Work instructions ▸ The lines to repeat run from the one containing "Local Government Immunity" through the last line of the records below; repeat them exactly and give nothing more.

Source records:
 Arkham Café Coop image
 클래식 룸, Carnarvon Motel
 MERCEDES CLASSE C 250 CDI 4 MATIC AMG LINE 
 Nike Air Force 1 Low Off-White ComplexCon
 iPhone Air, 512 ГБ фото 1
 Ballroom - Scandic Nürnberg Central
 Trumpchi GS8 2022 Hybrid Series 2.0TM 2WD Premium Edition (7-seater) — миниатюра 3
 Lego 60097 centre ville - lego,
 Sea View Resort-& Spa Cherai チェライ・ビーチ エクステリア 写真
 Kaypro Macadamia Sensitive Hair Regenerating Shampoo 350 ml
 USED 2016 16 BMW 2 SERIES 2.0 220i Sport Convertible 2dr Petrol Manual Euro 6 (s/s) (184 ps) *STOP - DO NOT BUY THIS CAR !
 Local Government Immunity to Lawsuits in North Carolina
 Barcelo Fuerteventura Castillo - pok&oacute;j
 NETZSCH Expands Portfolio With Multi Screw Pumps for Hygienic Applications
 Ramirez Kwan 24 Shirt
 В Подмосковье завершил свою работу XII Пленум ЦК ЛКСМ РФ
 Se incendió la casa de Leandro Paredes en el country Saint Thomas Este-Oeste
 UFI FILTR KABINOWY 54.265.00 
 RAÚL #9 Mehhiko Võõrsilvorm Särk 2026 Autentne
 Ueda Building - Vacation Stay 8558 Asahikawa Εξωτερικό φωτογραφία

Task output ▸
 Local Government Immunity to Lawsuits in North Carolina
 Barcelo Fuerteventura Castillo - pok&oacute;j
 NETZSCH Expands Portfolio With Multi Screw Pumps for Hygienic Applications
 Ramirez Kwan 24 Shirt
 В Подмосковье завершил свою работу XII Пленум ЦК ЛКСМ РФ
 Se incendió la casa de Leandro Paredes en el country Saint Thomas Este-Oeste
 UFI FILTR KABINOWY 54.265.00 
 RAÚL #9 Mehhiko Võõrsilvorm Särk 2026 Autentne
 Ueda Building - Vacation Stay 8558 Asahikawa Εξωτερικό φωτογραφία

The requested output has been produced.